Spillers win 1st step toward UA solutionBy Andrew Parks | 03/25/2015 10:58pm
When visiting with students from Auburn, OU, George Washington, SMU, Texas A&M, Texas and several other nationally prominent universities at an event in Dallas last week, I was pelted with questions about the Elliot Spillers victory in our SGA presidential election on March 10. They varied from “How did he win?” to “Is this a sign of change in Alabama?” and so on. As I often do in such situations, I found it difficult to explain the significance of such an event taking place in the unique, complex and highly irregular political scene on our campus to those on the outside. I did alright until a single question made me think about something I hadn’t previously pondered.
“How did you feel when he won?”
For someone who spends more time thinking about how to get things done than how he feels when things get done, this seemingly simple question was difficult to answer. Accomplished? Proud? Shocked? All of those were apt descriptions. “Speechless” was perhaps the best answer, given that I spent a good 30 seconds stuttering and trying to find words to speak into WVUA’s microphone when the results came into the broadcasting room and News Director Jordan LaPorta asked for comment. Finally, after much thought, an answer came to mind: “Resolved.”
When I say that, I don’t mean that I feel this campus has resolved the many problems which exist in our body politic. What I mean is that the victory of Elliot Spillers, historic though it may be, is not a solution in and of itself, but rather the first step toward one.
Not too long ago, I sat in a room opposite Elliot discussing an election that then seemed eons away. I had three whiteboards with breakdowns of voter turnout in previous election cycles dating back to 2009. I had run the numbers every way I could think of, accounting for every possible scenario, trying to figure out what Elliot’s real odds of winning were. In every case, the statistics favored the Machine. I truly believed there was no way Elliot could win, and the numbers seemed to confirm what other non-Machine politicos and I had always said: The only way for a non-Machine candidate to win the presidency was for years of groundwork to be laid that would slowly, but surely, shift the culture of this campus away from the status quo.
I stand here today having never been happier to be wrong in my life. Elliot defied the odds and my most favorable predictions – he not only won, he did so in record-breaking fashion. The election records I have managed to recover in the past eight months indicate that the 8,602 votes cast for Elliot Spillers on March 10 constitute the largest number a candidate has ever received in a contested SGA election at The University of Alabama.
However, while I may have been wrong in saying that Elliot had little chance of winning, I don’t believe I was wrong about that second part – that it would take years of hard work by graduating class after graduating class of Alabama students to balance the scales and introduce real accountability into campus politics.

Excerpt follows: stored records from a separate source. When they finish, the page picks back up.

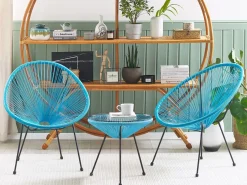Outlet Beliani ACAPULCO II Rattan sintetico (PE) Blu Blu Nero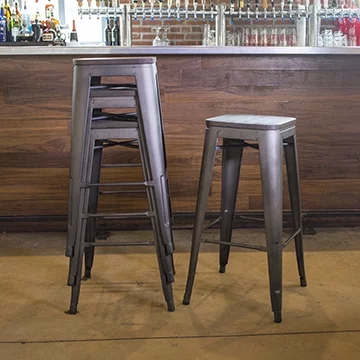 AmeriHome Dark Elm Finish Wood Top Bar Table with 4 Dark Elm Wood Top Gunmetal Finish Backless Bar Stools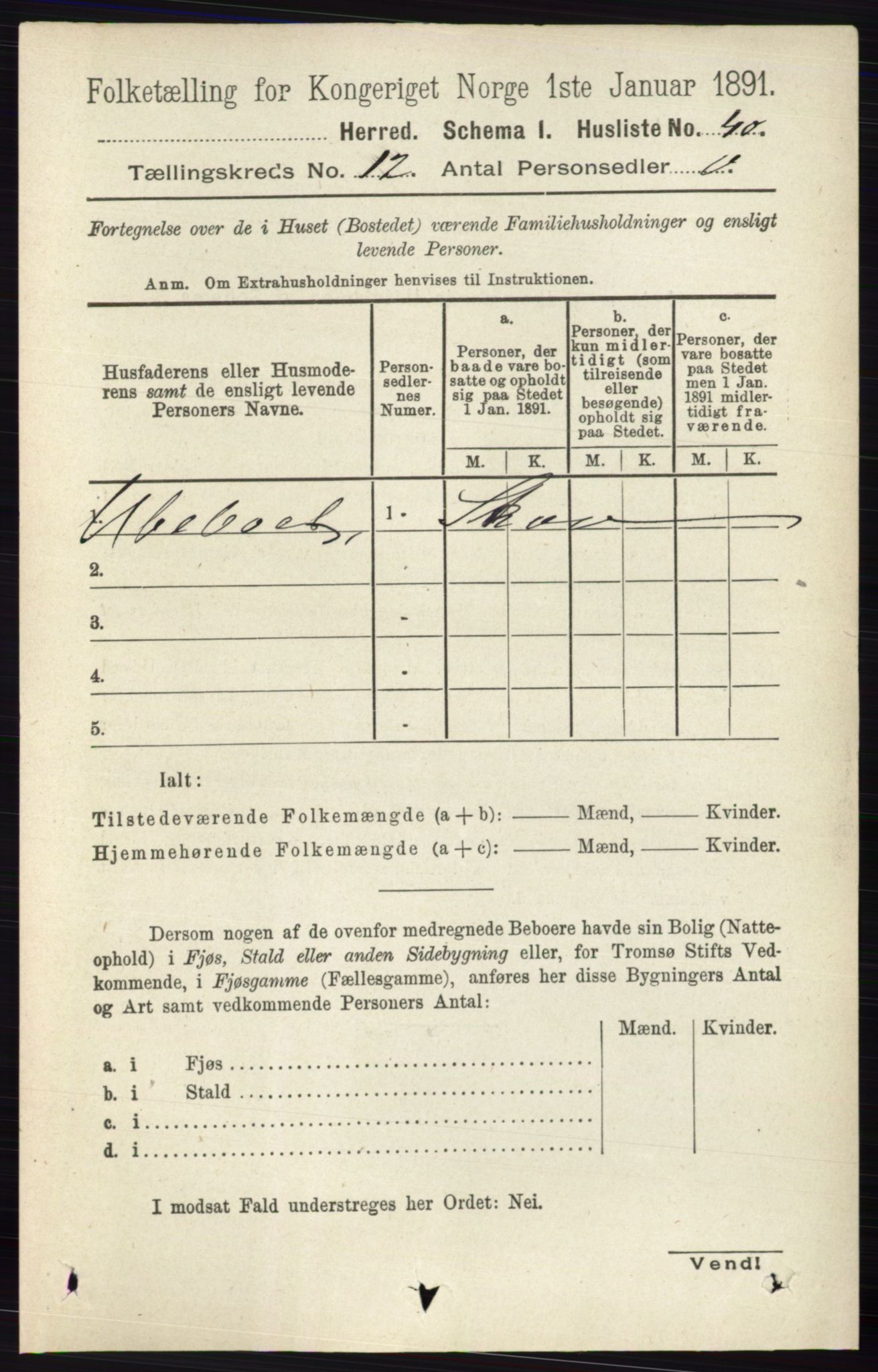 RA, 1891 census for 0417 Stange, 1891, p. 7988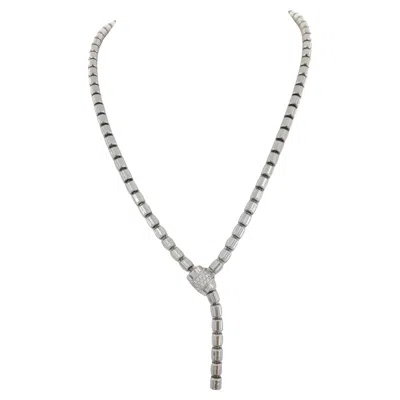 Pre-owned Piaget Authentic  Flat Possession 18k White Gold Diamond Y Lariat Necklace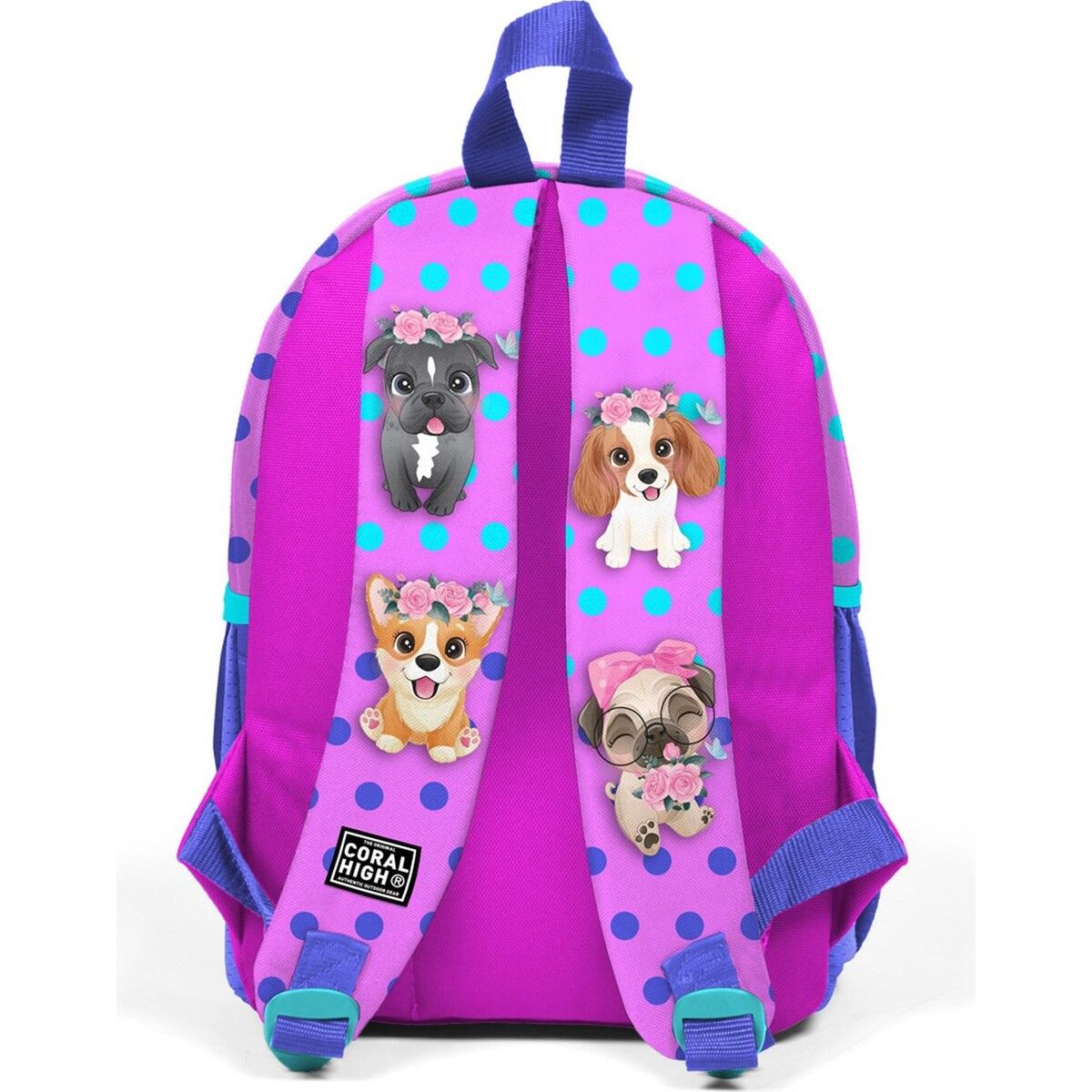 Coral High Minik Yuva Sırt Çantası Pembe Köpek Desenli Iki Bölmeli 23550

This is where my feeling of resolution comes from. Elliot’s win does not merely signify an independent victory. It serves as reassurance for all of us who have dedicated ourselves to improving the UA political climate that here, in a place famous for never changing, progress is not only attainable, but perhaps closer to attainment than we previously believed. It tells those who walked across the stage before us that their efforts were not in vain, and it tells those who will walk across the stage with me in 38 days that we’ve seen the first tangible step taken in that direction with our own eyes.
But most importantly, it tells those who will come after us that they may achieve the goals we could only dream of.
Andrew Parks is a senior majoring in political science. His column runs biweekly.